What to produce: Please transcribe only the lines from the one holding "About Maulana Azad" through the final line of the data, both included, with no pictures.

====== Input data ======

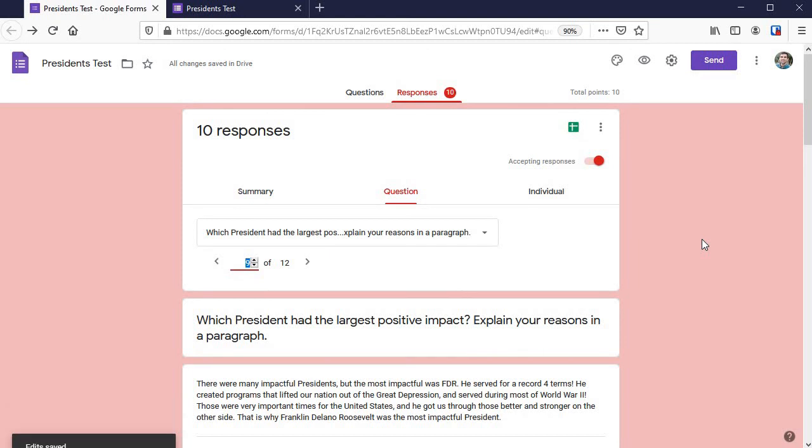If this was helpful for you, give it a thumbs up so other teachers can find it. And if you want more trainings on Google Forms specifically for teachers, two minutes at a time, click subscribe.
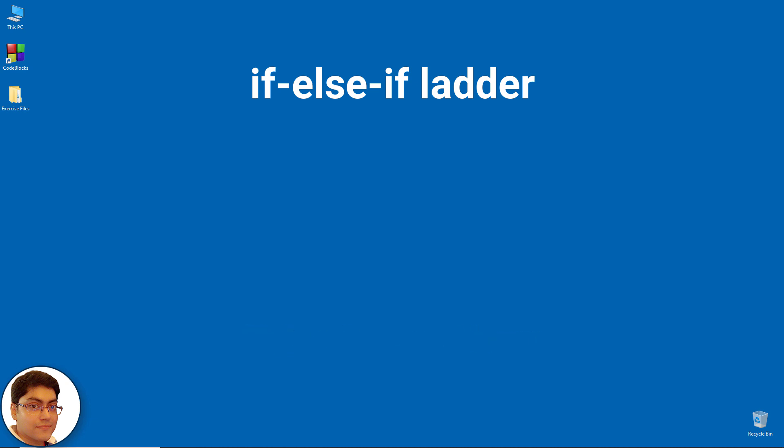Here a user can decide among multiple options. The if statements are executed from the top down. As soon as one of the conditions controlling the if is true, the statement associated with that if is executed and the rest of the ladder is bypassed.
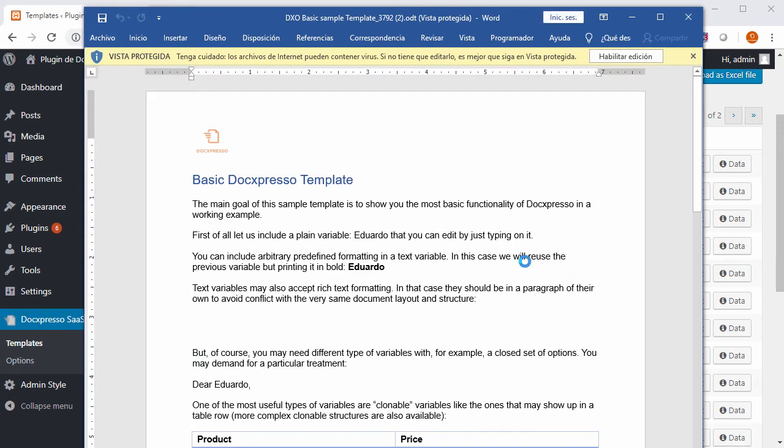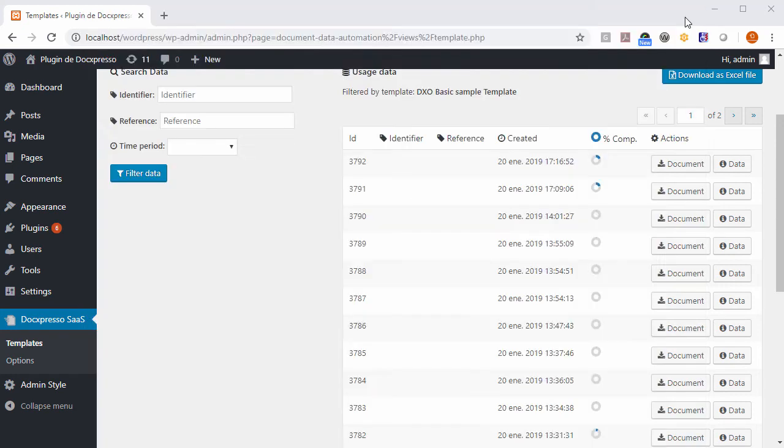We get the document generated by that particular use. We may also access directly the data by clicking on the data button.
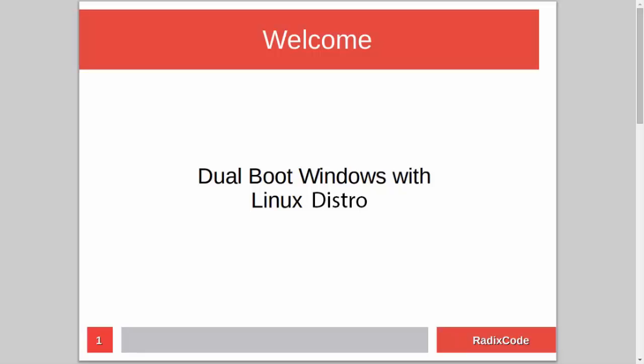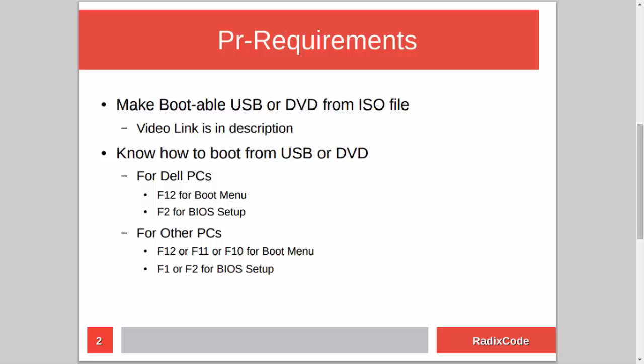Hi guys, it's Azim again from rediscord.com. In this video tutorial I will show you how to dual boot Windows with a Linux distribution. For this you have to know how to make a bootable USB or DVD from an ISO file. I already made a tutorial on this topic, so if you don't know how to do this, please check out my video — I will add a link to that video in the description.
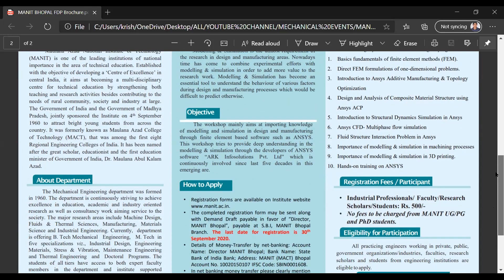About Maulana Azad National Institute of Technology: it is one of the leading institutions of national importance in the area of technical education. Established with the objective of developing a center of excellence in central India, it aims at becoming a multidisciplinary center for technical education by strengthening both teaching and research activities, besides contributing to the needs of the rural community, society, and industry at large.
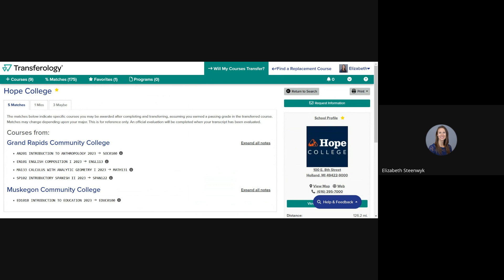Let's start with the Match tab. Any course from your list that has been evaluated and approved for transfer will be listed here. You'll see the other school's course information including the title. After the right-hand arrow, you'll see the Hope equivalent course information. Sometimes this will be an actual Hope course number like English 113. This example, EN 101 from Grand Rapids Community College, transfers to Hope as English 113.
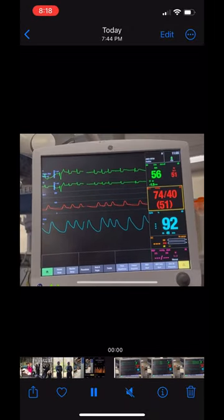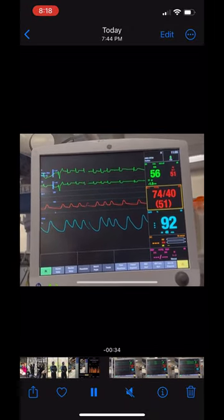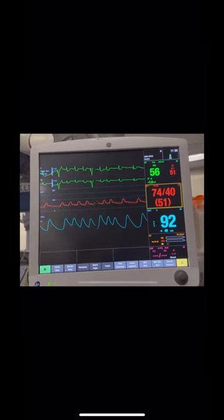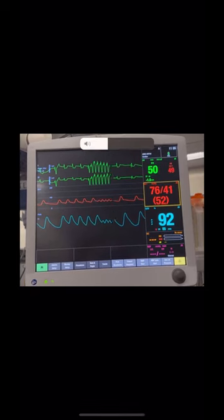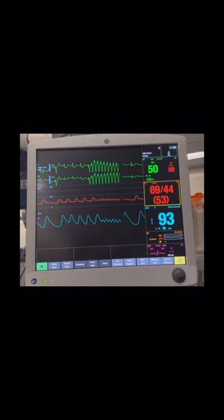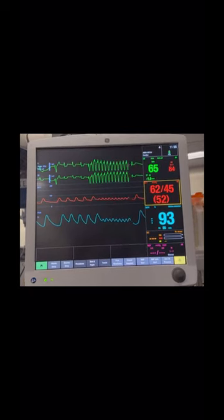This video demonstrates a patient going into ventricular tachycardia. It's regular and monomorphic.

======

Answer for the task:
About Maulana Azad National Institute of Technology: it is one of the leading institutions of national importance in the area of technical education. Established with the objective of developing a center of excellence in central India, it aims at becoming a multidisciplinary center for technical education by strengthening both teaching and research activities, besides contributing to the needs of the rural community, society, and industry at large.
Let's start with the Match tab. Any course from your list that has been evaluated and approved for transfer will be listed here. You'll see the other school's course information including the title. After the right-hand arrow, you'll see the Hope equivalent course information. Sometimes this will be an actual Hope course number like English 113. This example, EN 101 from Grand Rapids Community College, transfers to Hope as English 113.
This video demonstrates a patient going into ventricular tachycardia. It's regular and monomorphic.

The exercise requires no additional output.